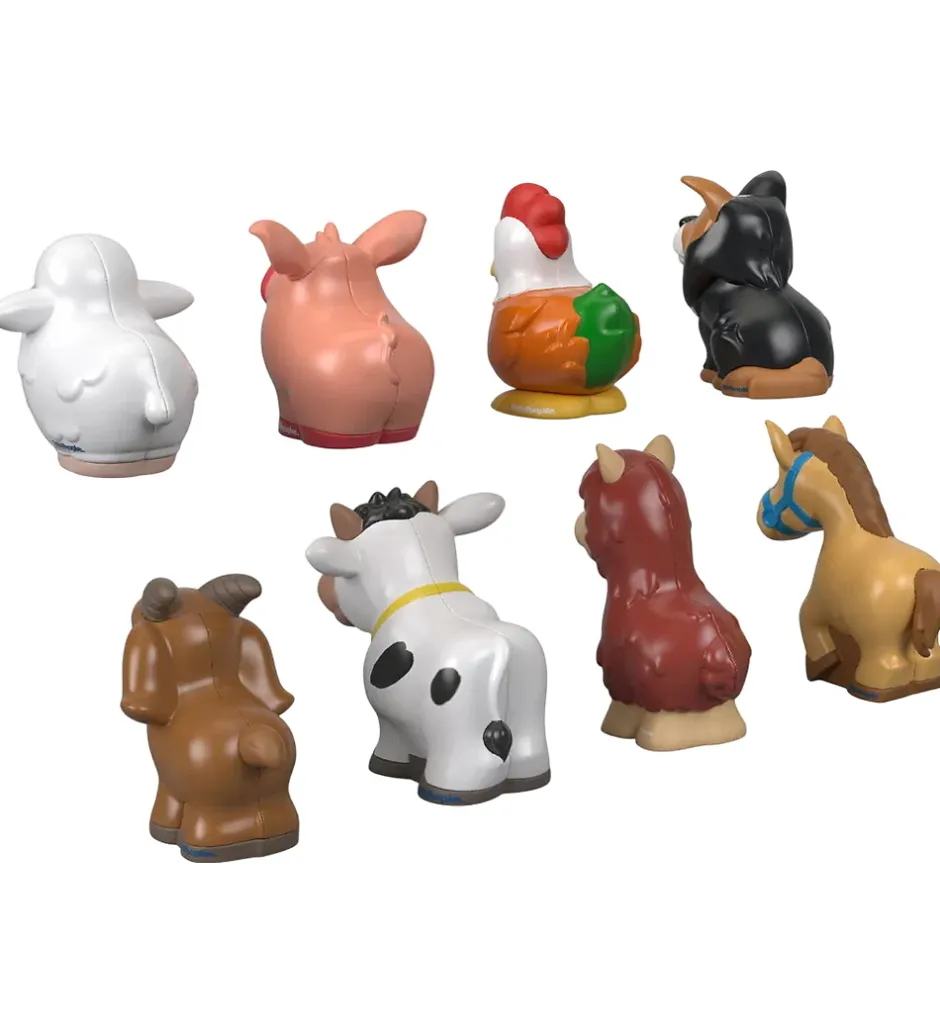 Fisher Price Figurer - 8 stk. - Little People Farm Animal Friend>Fisher-Price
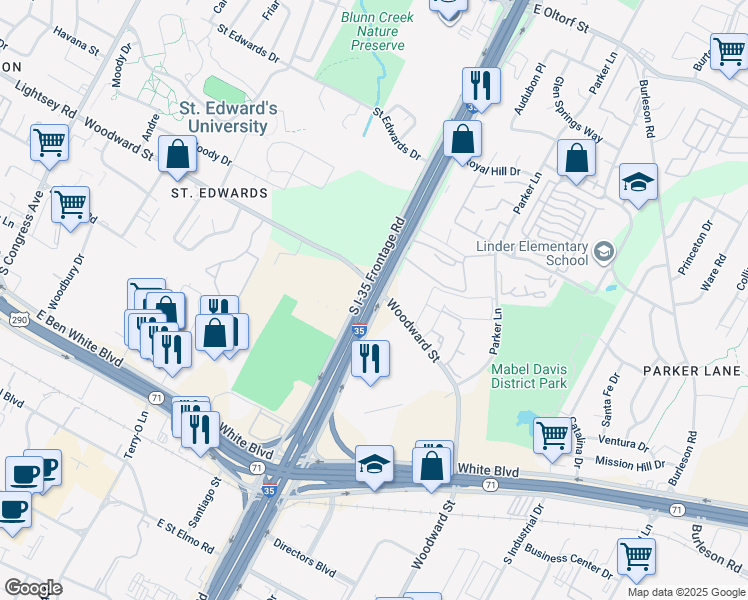 map of restaurants, bars, coffee shops, grocery stores, and more near in 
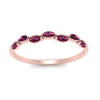 Load image into Gallery viewer, marquise-pink-sapphire-vintage-stacking-ring-in-rose-gold-FD123865GSADRPI-NL-RG.jpg
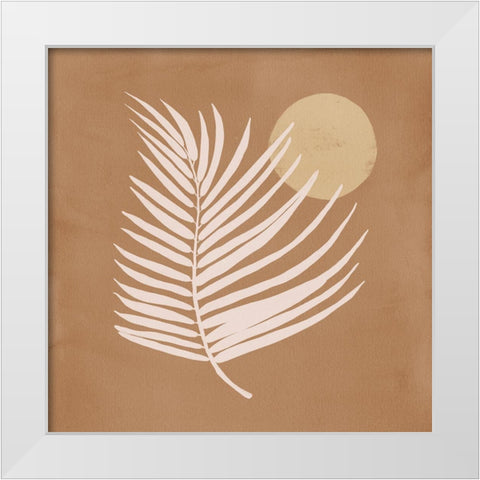 Sunrise Palm Bronze White Modern Wood Framed Art Print by Urban Road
-- -- --
### WORK TO COMPLETE
The data above are to be repeated word for word, with any pictures left out.

### THE COMPLETED TASK
 Fisher Price Figurer - 8 stk. - Little People Farm Animal Friend>Fisher-Price
 map of restaurants, bars, coffee shops, grocery stores, and more near in 
 Load image into Gallery viewer, marquise-pink-sapphire-vintage-stacking-ring-in-rose-gold-FD123865GSADRPI-NL-RG.jpg
 Sunrise Palm Bronze White Modern Wood Framed Art Print by Urban Road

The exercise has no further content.